The method that the invention discloses a kind of to extract laminarin from kelp, includes the following steps: feedstock processing;Kelp Powder enzymatic hydrolysis, enzyme deactivation hot water extraction, ultrasonication filter to obtain polysaccharide extraction liquid, are concentrated, are drying to obtain finished product.The present invention utilizes biological enzyme, and water mentions, and three kinds of method collaborations of ultrasonic wave are extracted to extract laminarin, and extraction process is participated in without alcohol, and simple process and low cost, polysaccharide yield is high, and nutritive value is high, has a extensive future in terms of food, health care.

Description

A method of extracting separating polyose from kelp
Technical field
The present invention relates to it is a kind of mentioned using biological enzyme, water, the technique of polysaccharide in kelps is extracted in ultrasonic wave three kinds of methods collaboration, Belong to extraction and separation technology field.
Background technique
Kelp (Laminaria japonica) also known as thallus laminariae are Phaeophyta Laminariales Laminariaceae Larminarias, are grown in sea It is soft just like band in water, it is a kind of auburn seaweed plant.Laminarin is a kind of white powder, is mentioned from kelp so far The laminarin taken broadly mainly includes 3 kinds: algin (algin), fucoidin (fucoidan) and laminaran (Laminaran).Laminarin has very high edible and medicinal value, has immunoloregulation function, as polysaccharide can treat slowly Venereal disease virus hepatitis, rheumatism etc. also there is anti-infective, reducing blood lipid, anticoagulation, anti-good fortune to penetrate, can control cell division and differentiation, The growth of cell is adjusted, promotes the biosynthesis of protein and nucleic acid effect, and polysaccharide is plant extracts, drug toxicity pole It is small, thus the research of polysaccharide causes the great interest of people.

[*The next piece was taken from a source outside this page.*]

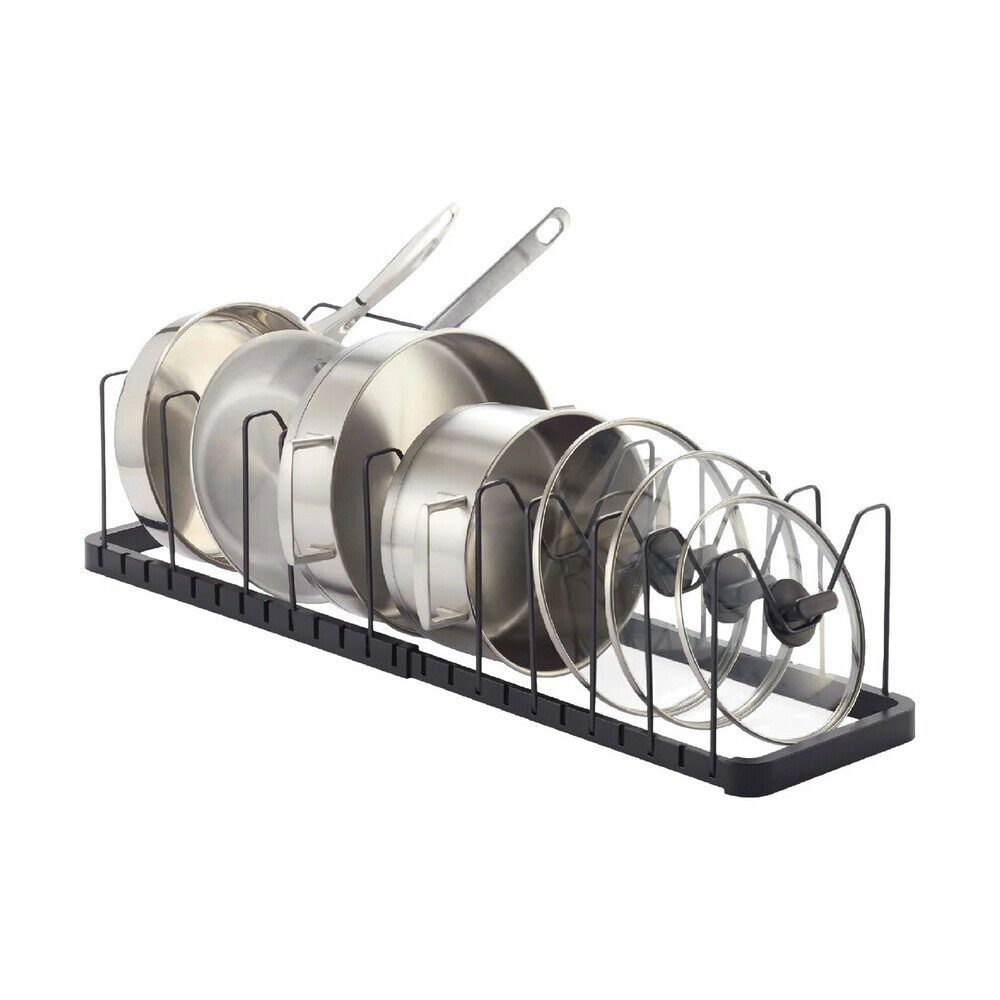 Yamazaki Küchenorganizer-Set Topf-/Pfannen-Organizer 45-82 cm Tower schwarz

Currently to the extracting method of laminarin, there are many relevant documents or report, mainly there is water to mention, acid mentions, alkali carries, These types method such as ultrasonic wave extraction, these methods have certain defect fewer in relation to being related to the method that enzyme proposes, such as hot water Extraction method is difficult to discharge a large amount of ingredients intracellular, makes that its extraction efficiency is not high, time-consuming and it is difficult to the main reason for promoting; Acid, which mentions, be easy to cause polysaccharide hydrolysis;Alkali carries are easily reduced the activity of polysaccharide.The present invention uses the efficient biological enzyme of clean and safe, water Mention, ultrasonic wave three kinds of methods mixing carries out the extraction of polysaccharide, not only overcome that the recovery rate that water mentions, acid mentions is low, and active polysaccharide is easy The shortcomings that being destroyed, and polysaccharide molecular weight obtained by enzyme formulation is low, it is easier to it is absorbed by the body, enzyme deactivation is carried out while water proposes, Ultrasonic wave can allow cell wall to be easier to be destroyed in the short time, and intracellular polyse solution is allowed to be easier to flow out.
Summary of the invention
The present invention provides a kind of technical maturity, the extracting method of the high laminarin of recovery rate.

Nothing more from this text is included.